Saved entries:
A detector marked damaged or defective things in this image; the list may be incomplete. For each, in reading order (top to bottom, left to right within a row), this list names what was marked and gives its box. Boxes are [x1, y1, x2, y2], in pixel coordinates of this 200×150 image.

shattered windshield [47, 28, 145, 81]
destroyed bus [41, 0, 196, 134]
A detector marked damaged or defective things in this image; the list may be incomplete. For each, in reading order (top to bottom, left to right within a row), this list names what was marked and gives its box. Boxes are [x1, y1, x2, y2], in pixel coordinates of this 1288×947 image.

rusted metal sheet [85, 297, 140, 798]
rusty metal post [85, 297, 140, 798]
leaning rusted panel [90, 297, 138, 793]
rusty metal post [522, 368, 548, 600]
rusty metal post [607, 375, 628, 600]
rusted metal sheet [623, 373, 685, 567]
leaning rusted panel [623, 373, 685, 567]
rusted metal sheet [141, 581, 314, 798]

DIRECTIONS: The reply must repeat all of the records precisely.

EXERCISE SOLUTION:
A detector marked damaged or defective things in this image; the list may be incomplete. For each, in reading order (top to bottom, left to right within a row), this list names what was marked and gives its box. Boxes are [x1, y1, x2, y2], in pixel coordinates of this 200×150 image.

shattered windshield [47, 28, 145, 81]
destroyed bus [41, 0, 196, 134]
A detector marked damaged or defective things in this image; the list may be incomplete. For each, in reading order (top to bottom, left to right within a row), this list names what was marked and gives its box. Boxes are [x1, y1, x2, y2], in pixel coordinates of this 1288×947 image.

rusted metal sheet [85, 297, 140, 798]
rusty metal post [85, 297, 140, 798]
leaning rusted panel [90, 297, 138, 793]
rusty metal post [522, 368, 548, 600]
rusty metal post [607, 375, 628, 600]
rusted metal sheet [623, 373, 685, 567]
leaning rusted panel [623, 373, 685, 567]
rusted metal sheet [141, 581, 314, 798]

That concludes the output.